In [99]: a=np.array([[(0., 0.), (0., 0.), (0., 0.), (0., 0.), (0., 0.)],
...: [(0., 0.), (0., 0.), (0., 0.), (0., 0.), (0., 0.)],
...: [(0., 0.), (0., 0.), (0., 0.), (0., 0.), (0., 0.)]],
...: dtype=[(('x', 's0'), '<f4'), (('y', 's1'), '<f4')])
In [100]: a.dtype
Out[100]: dtype([(('x', 's0'), '<f4'), (('y', 's1'), '<f4')])
In [101]: a.dtype.fields
Out[101]:
mappingproxy({'s0': (dtype('float32'), 0, 'x'),
'x': (dtype('float32'), 0, 'x'),
's1': (dtype('float32'), 4, 'y'),
'y': (dtype('float32'), 4, 'y')})
Look at the intended target, a 3 element array with the compound dtype:
In [102]: a[:,1]
Out[102]:
array([(0., 0.), (0., 0.), (0., 0.)],
dtype=[(('x', 's0'), '<f4'), (('y', 's1'), '<f4')])

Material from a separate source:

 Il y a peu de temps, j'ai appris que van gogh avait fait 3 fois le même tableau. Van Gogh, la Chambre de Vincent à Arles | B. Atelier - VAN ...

While your array is 2 element int. With this construct the use of tuple doesn't change anything.
In [103]: np.array((42,-42))
Out[103]: array([ 42, -42])
But if we specify the correct dtype, we make a 0d array:
In [104]: np.array((42,-42), a.dtype)
Out[104]: array((42., -42.), dtype=[(('x', 's0'), '<f4'), (('y', 's1'), '<f4')])
Now there's no problem assigning it.
In [105]: a[:,1] = np.array((42,-42), a.dtype)
In [3]: dt = a.dtype
In [4]: dt
Out[4]: dtype([(('x', 's0'), '<f4'), (('y', 's1'), '<f4')])
Using a recent recfunctions
addition, we can make a structured array from an appropriately shape unstructured array:
In [5]: import numpy.lib.recfunctions as rf
2d to 1d structured:
In [7]: rf.unstructured_to_structured(np.arange(1,7).reshape(3,2), dtype=dt)
Out[7]:
array([(1., 2.), (3., 4.), (5., 6.)],
dtype=[(('x', 's0'), '<f4'), (('y', 's1'), '<f4')])
3d to 2d structured:
In [8]: rf.unstructured_to_structured(np.arange(24).reshape(4,3,2), dtype=dt)
Out[8]:
array([[( 0., 1.), ( 2., 3.), ( 4., 5.)],
[( 6., 7.), ( 8., 9.), (10., 11.)],
[(12., 13.), (14., 15.), (16., 17.)],
[(18., 19.), (20., 21.), (22., 23.)]],
dtype=[(('x', 's0'), '<f4'), (('y', 's1'), '<f4')])
Or making an array from a list of tuples:
In [10]: np.array([(0,1),(2,3)], dt)
Out[10]:
array([(0., 1.), (2., 3.)],
dtype=[(('x', 's0'), '<f4'), (('y', 's1'), '<f4')])
recfunctions
often makes use of field-by-field setting:
In [16]: for name in a.dtype.names:
...: a[name][:] = np.arange(15).reshape(3,5)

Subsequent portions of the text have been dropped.